Religious Persecution in Mexico?

CHIAPAS – It is amazing how much we do not know about our USA neighbors to the immediate north and south. We are especially ignorant of religious persecution against Protestants and Evangelicals in Mexico.

It is amazing how much we do not know about our USA neighbors to the immediate north and south. We are especially ignorant of religious persecution against Protestants and Evangelicals in Mexico.

Some will be surprised at the allegation because they think that Mexico is a Christian country. Accepting the fact that there is no such thing as a Christian country gets us headed on the right path. That includes the United States. We are a country established on Judeo-Christian principles, but church and state are separate entities.

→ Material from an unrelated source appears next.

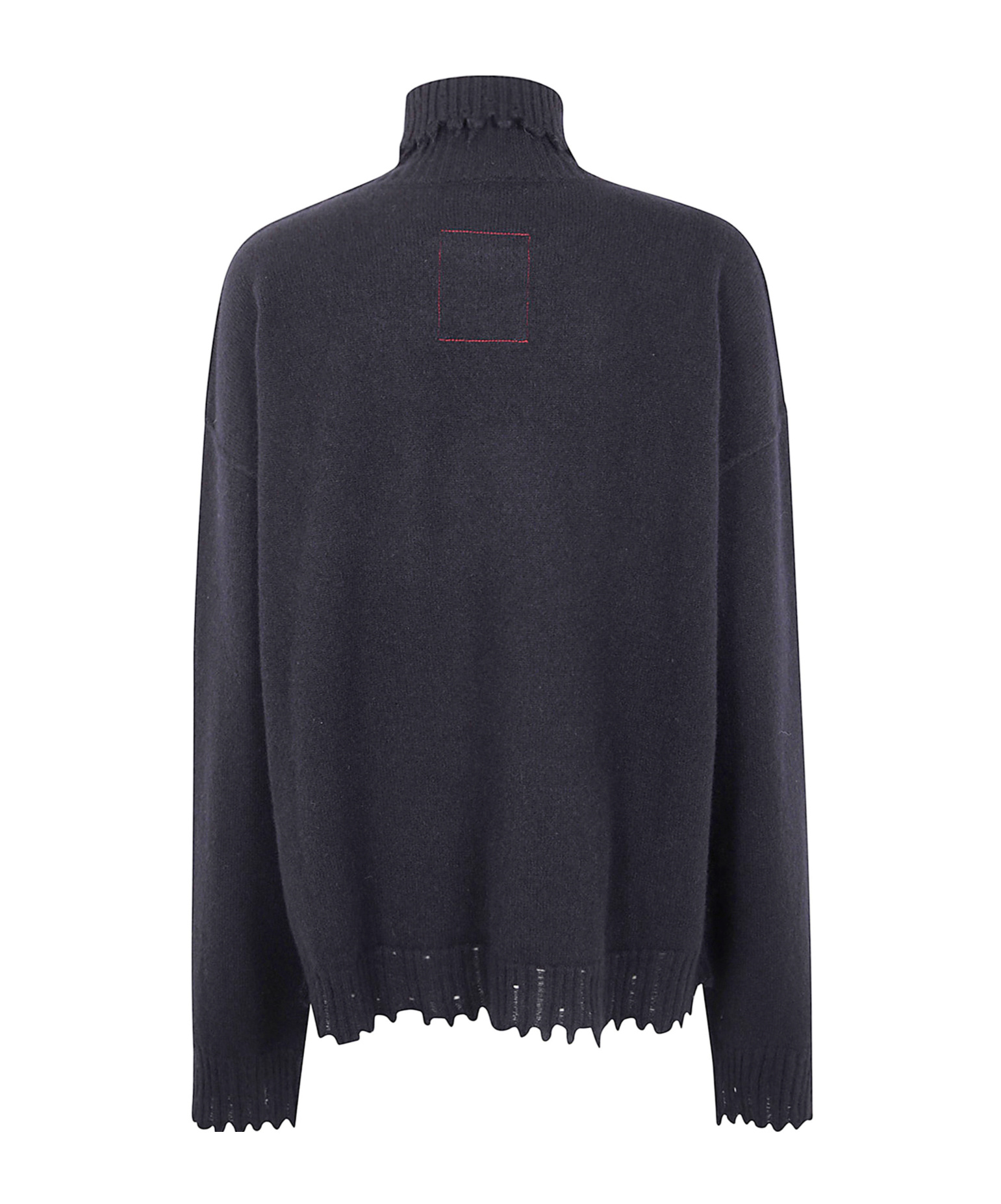 Uma Wang Turtleneck Frayed-hem Sweater In Blue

Mexico is a secular state heavily populated by Roman Catholics. An estimated 88% of Mexicans over the age of five identify as self-professed Catholics. Those identifying either as Protestants or Evangelicals comprise only about 5% of the population. That disparity and the Catholic historical dominance in Mexico make the country Catholic in a practical sense. In fact, a majority of Mexican holidays are intimately tied to Catholic festivals.

It is one of those festivals that sparked the latest persecution of Protestants and Evangelicals.

In April 2019, a number of Evangelicals we invited to a community meeting in the Chiapas community of Zinacantan. The meeting was advertised as a time to “address issues of general interest to their community.”

As it turned out, however, the real purpose of the meeting was to organize the May 3rd Catholic Festival of the Holy Cross and to select a mayordomo to manage, administer, and contribute financially to ensure that the festival is a success.

Without his consent, Pastor Juan Hernandez Perez discovered that he had been selected mayordomo. When he refused to accept the position on the basis of his Evangelical faith, he and about a dozen of the Pentecostal Church Christ Comes members were illegally detained for nearly 24 hours.

Their offense was a failure to participate in the activities of the major religion in Chiapas at the municipal level.

The church members returned to their homes following their release only to find that the water and electricity had been turned off.

This is just one recent scenario that teaches us that it is, and has been, difficult for Evangelical Christians to live, work, and worship freely in the midst of the intolerance of the overwhelmingly Catholic population.

In September 2018, representatives of the municipality of Comitan, Chiapas, refused to allow the interment of a local Evangelical woman who had died. The reason for not allowing the burial? The Evangelical church had not cooperated in the celebration of a local Catholic religious holiday.

Reporting the prohibited burial, Evangelico Digital noted also that 17 Evangelical families since the year 2016 have had their water supply cut off due to not cooperating with local Catholic festivities.

In 2016, Quadritin Chiapas reported that the Chiapas state is “first place in religious persecution.” The story below the headlines reported the forced displacement of Evangelical Christian families from the San Cristobal de las Casas community “for professing a different belief to the rest of the settlers.” Notably, aggressors were identified as mainly from the Catholic church.

In April 2019, Somoselmedio reported that the over 700 people from 115 indigenous families had been expelled from nine different communities for failing to participate in local Catholic festivals. Some 32 families had been displaced from their homes in the Yaxtinin community between 2015 and 2019. They had, at the publication of the article, been unable to return to their homes.

The persecution of Christians is much more prevalent that many of us understand. And it is much closer to home than we care to realize.